So we need to go ahead and parse out that messaging callback. We need to look at it, see what the text says. And we also need to check and see if it’s a DLR, a DLR being a delivery receipt. So with every text message that Bandwidth sends, we always send a callback back to your server as specified in the application ID, letting you know the status of that message once it gets to a terminal state.

So for MMS, we can only tell in the downstream carrier has accepted that message. But for a traditional text message, if you’re using toll-free, we can get a little bit further detail but we still always need to accept that call back, so we’re going to do a little bit there. OK. A lot to say, it’s going to copy and paste here as we go. So we can take a look here what we’ve done.

We are defining our globals because we know we’re going to need that client that we defined up here. We’re going to need our account ID, and we’re going need our messaging application ID. The Slim framework provides this nice little request object that lets us grab the content.

It does have a function in here, request get parse body, which is really great for most instances. However, it does deserializer the raw content into a native structure, which are custom deserializer don’t like. They like a string. And so for using this Slim framework, we just need the raw JSON string.

And then, we’re going to pass that into our API helper to deserialize that. I’ve got my data. It does take a nice class in here. So if you provide a class, it will generate the actual methods there for you or the actual class that gives you the nice methods on top of it. And specifically, for our inbound messages, if we head to our documentation, and we look at the callbacks for– we’ll looking at a group message– we can see that every inbound event coming from the messaging API to your server is going to come as an array or a list.

And there’s only ever going to be one object in that, but it does still come as an array. So we do need to tell our deserializer that this is an array of objects. So that will spit back this messaging callbacks, and then I’m just going to pop the first one off and go ahead and tell our IDE that this is going to be a Bandwidth callback message, so we get the nice call back.

We get the nice access methods there, instead of having to refer to them as a dictionary key value pair. They’re intelligent. Therefore, she’s all the features of the IDE. And so pop that off, tell our IDE that this is going to be a Bandwidth callback message.
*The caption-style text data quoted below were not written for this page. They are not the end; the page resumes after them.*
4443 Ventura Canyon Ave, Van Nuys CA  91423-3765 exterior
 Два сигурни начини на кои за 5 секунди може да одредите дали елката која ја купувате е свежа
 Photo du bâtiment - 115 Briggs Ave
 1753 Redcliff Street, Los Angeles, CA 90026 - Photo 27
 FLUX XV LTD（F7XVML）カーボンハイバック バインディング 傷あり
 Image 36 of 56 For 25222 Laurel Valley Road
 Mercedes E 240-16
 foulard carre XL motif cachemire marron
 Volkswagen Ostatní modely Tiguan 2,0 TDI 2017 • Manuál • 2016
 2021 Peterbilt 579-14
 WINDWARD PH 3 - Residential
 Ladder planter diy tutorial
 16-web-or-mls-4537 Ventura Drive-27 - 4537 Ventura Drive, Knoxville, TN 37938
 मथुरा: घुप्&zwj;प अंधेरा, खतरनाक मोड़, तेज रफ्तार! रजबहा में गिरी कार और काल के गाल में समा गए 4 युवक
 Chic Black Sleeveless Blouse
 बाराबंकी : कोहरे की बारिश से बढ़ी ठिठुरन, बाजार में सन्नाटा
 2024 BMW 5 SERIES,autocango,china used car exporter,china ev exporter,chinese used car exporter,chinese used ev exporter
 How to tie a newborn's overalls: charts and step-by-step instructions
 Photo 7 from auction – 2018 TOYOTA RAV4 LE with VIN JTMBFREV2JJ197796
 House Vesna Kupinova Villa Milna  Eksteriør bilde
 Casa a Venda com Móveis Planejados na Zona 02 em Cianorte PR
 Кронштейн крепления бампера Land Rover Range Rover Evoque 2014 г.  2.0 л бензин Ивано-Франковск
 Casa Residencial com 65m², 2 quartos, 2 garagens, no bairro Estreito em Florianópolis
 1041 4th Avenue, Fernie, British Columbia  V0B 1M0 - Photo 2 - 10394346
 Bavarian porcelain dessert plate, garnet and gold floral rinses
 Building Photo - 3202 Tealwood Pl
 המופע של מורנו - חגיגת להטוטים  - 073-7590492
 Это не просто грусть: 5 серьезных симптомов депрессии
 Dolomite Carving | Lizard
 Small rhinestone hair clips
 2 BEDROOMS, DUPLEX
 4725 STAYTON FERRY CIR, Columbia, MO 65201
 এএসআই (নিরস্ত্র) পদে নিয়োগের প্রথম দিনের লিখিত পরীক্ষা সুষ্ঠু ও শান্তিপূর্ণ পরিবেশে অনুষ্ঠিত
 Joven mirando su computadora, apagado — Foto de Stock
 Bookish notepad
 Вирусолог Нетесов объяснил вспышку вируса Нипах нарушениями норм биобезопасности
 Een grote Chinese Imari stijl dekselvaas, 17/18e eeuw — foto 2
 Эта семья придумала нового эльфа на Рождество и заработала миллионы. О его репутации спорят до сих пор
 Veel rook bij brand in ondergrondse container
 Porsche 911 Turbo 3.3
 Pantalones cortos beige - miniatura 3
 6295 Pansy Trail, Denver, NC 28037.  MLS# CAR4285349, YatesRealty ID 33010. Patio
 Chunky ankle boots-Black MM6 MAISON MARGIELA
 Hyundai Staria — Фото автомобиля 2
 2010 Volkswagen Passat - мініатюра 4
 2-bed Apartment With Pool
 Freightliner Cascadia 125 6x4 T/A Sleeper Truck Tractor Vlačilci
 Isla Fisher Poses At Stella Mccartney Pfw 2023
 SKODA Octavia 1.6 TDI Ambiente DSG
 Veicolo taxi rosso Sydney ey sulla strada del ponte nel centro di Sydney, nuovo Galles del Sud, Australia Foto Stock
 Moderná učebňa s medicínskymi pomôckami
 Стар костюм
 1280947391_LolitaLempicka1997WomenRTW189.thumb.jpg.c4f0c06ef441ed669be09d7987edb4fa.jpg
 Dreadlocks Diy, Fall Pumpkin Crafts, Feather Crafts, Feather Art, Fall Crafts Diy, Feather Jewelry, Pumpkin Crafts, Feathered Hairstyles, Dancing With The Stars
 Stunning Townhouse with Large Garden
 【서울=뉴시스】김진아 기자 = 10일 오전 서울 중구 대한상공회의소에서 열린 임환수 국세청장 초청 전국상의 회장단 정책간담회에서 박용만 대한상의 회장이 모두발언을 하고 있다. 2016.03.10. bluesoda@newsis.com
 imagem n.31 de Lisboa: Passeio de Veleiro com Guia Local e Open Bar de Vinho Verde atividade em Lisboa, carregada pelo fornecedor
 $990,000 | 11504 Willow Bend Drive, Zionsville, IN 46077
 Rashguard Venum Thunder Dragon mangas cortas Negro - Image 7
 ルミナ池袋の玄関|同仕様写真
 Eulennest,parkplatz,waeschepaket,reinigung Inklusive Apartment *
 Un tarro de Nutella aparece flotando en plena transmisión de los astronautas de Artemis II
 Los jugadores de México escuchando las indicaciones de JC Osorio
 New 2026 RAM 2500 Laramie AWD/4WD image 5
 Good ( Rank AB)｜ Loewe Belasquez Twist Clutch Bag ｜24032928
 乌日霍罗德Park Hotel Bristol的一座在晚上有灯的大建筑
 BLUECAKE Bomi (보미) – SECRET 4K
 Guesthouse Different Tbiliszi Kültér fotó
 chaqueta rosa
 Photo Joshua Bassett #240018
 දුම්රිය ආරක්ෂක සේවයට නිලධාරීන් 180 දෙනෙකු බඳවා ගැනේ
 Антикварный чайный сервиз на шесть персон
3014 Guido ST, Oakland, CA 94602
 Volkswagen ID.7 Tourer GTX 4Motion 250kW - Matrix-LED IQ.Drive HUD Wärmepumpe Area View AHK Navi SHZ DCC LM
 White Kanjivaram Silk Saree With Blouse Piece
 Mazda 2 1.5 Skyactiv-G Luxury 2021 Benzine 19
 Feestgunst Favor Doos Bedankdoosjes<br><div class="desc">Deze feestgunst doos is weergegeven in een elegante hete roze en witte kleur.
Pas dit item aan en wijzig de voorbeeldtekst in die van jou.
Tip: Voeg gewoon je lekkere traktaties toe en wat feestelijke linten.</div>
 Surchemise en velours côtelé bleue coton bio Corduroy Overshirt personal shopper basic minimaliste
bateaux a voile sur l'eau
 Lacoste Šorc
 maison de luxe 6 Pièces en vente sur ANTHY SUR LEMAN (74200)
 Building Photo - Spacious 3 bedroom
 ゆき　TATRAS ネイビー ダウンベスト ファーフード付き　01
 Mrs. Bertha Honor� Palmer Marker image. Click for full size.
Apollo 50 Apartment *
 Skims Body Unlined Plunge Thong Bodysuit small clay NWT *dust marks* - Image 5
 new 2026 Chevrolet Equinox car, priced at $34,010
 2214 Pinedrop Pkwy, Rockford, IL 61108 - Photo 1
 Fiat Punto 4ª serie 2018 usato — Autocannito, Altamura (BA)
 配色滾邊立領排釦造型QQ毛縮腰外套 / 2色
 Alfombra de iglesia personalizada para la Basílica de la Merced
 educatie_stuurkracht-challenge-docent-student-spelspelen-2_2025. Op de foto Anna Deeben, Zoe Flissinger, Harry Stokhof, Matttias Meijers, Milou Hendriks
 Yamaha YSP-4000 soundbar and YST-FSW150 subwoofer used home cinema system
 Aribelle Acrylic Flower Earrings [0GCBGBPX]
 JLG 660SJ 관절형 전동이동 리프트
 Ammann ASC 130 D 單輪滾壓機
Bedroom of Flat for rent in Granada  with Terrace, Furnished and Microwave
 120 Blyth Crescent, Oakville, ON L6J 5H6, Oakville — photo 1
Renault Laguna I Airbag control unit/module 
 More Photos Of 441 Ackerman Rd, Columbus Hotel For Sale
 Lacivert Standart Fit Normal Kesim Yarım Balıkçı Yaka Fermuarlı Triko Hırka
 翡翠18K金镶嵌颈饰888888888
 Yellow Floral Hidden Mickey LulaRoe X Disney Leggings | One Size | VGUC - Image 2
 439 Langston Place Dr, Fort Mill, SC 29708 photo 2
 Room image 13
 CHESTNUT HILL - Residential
And then I’m going to grab this internal message object. So you can kind of see here we have this metadata, like type 2 scription. And then our message has got all the good content in there, like the text, who’s it from, who was it to. In this case, it’s a group message. It was sent to multiple people, and it’s really got a lot of stuff that we want to work with. So I just put this in here as a way to show how to access that.

Let’s go ahead and go back to our little tutorial. So let’s check and see if it’s a DLR. So the way that I personally do this, I check the inter message body right here. I checked the direction of that, and then I’m just going to dunk it to lower case, trim off any messages, just for string safety, and compare that to ALT.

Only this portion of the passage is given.